[Data records]
-------------------------

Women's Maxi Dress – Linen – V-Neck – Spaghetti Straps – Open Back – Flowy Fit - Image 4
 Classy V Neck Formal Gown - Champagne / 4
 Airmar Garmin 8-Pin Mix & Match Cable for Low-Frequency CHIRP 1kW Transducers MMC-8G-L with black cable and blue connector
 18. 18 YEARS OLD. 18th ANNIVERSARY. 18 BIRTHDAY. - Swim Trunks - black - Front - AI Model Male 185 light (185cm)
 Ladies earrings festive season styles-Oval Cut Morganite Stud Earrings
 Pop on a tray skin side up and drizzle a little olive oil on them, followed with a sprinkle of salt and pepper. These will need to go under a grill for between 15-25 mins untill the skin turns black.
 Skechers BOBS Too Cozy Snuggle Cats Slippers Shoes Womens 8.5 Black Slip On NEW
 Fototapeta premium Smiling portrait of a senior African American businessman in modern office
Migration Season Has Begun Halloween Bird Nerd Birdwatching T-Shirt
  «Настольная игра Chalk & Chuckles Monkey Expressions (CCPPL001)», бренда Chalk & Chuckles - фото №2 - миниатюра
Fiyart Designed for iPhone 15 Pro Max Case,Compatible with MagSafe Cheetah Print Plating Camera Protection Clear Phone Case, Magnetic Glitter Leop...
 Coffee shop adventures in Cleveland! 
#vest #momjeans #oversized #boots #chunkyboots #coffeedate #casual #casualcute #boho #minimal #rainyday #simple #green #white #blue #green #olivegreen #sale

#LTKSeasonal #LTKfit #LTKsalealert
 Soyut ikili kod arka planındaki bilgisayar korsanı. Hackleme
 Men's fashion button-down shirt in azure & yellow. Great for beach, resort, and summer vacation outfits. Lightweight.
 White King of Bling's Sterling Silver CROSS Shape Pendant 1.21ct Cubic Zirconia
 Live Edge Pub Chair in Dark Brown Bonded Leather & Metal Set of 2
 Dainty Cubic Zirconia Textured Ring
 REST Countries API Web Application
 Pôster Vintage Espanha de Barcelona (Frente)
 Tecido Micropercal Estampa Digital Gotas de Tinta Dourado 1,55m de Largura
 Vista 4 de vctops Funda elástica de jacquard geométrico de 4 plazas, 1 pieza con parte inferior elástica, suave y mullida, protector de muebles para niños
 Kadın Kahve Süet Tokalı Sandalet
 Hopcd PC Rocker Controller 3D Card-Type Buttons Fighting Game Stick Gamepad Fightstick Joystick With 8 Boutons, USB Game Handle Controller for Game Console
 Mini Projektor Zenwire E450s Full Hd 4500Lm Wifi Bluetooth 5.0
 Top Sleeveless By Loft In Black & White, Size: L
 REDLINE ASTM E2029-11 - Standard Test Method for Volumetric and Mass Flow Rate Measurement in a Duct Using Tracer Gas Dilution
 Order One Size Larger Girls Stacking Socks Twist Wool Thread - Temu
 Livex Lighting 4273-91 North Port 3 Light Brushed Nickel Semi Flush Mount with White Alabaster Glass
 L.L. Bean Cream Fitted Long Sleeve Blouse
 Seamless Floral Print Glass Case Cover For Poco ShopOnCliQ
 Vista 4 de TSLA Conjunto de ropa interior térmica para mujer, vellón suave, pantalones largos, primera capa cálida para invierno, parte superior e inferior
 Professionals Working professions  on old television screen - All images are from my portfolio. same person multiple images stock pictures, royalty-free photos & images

-------------------------

▶ Task statement
Restate exactly the records above from their first line through the line that holds "Top Sleeveless By", please, including both and leaving out all others.

▶ Problem solution
Women's Maxi Dress – Linen – V-Neck – Spaghetti Straps – Open Back – Flowy Fit - Image 4
 Classy V Neck Formal Gown - Champagne / 4
 Airmar Garmin 8-Pin Mix & Match Cable for Low-Frequency CHIRP 1kW Transducers MMC-8G-L with black cable and blue connector
 18. 18 YEARS OLD. 18th ANNIVERSARY. 18 BIRTHDAY. - Swim Trunks - black - Front - AI Model Male 185 light (185cm)
 Ladies earrings festive season styles-Oval Cut Morganite Stud Earrings
 Pop on a tray skin side up and drizzle a little olive oil on them, followed with a sprinkle of salt and pepper. These will need to go under a grill for between 15-25 mins untill the skin turns black.
 Skechers BOBS Too Cozy Snuggle Cats Slippers Shoes Womens 8.5 Black Slip On NEW
 Fototapeta premium Smiling portrait of a senior African American businessman in modern office
Migration Season Has Begun Halloween Bird Nerd Birdwatching T-Shirt
  «Настольная игра Chalk & Chuckles Monkey Expressions (CCPPL001)», бренда Chalk & Chuckles - фото №2 - миниатюра
Fiyart Designed for iPhone 15 Pro Max Case,Compatible with MagSafe Cheetah Print Plating Camera Protection Clear Phone Case, Magnetic Glitter Leop...
 Coffee shop adventures in Cleveland! 
#vest #momjeans #oversized #boots #chunkyboots #coffeedate #casual #casualcute #boho #minimal #rainyday #simple #green #white #blue #green #olivegreen #sale

#LTKSeasonal #LTKfit #LTKsalealert
 Soyut ikili kod arka planındaki bilgisayar korsanı. Hackleme
 Men's fashion button-down shirt in azure & yellow. Great for beach, resort, and summer vacation outfits. Lightweight.
 White King of Bling's Sterling Silver CROSS Shape Pendant 1.21ct Cubic Zirconia
 Live Edge Pub Chair in Dark Brown Bonded Leather & Metal Set of 2
 Dainty Cubic Zirconia Textured Ring
 REST Countries API Web Application
 Pôster Vintage Espanha de Barcelona (Frente)
 Tecido Micropercal Estampa Digital Gotas de Tinta Dourado 1,55m de Largura
 Vista 4 de vctops Funda elástica de jacquard geométrico de 4 plazas, 1 pieza con parte inferior elástica, suave y mullida, protector de muebles para niños
 Kadın Kahve Süet Tokalı Sandalet
 Hopcd PC Rocker Controller 3D Card-Type Buttons Fighting Game Stick Gamepad Fightstick Joystick With 8 Boutons, USB Game Handle Controller for Game Console
 Mini Projektor Zenwire E450s Full Hd 4500Lm Wifi Bluetooth 5.0
 Top Sleeveless By Loft In Black & White, Size: L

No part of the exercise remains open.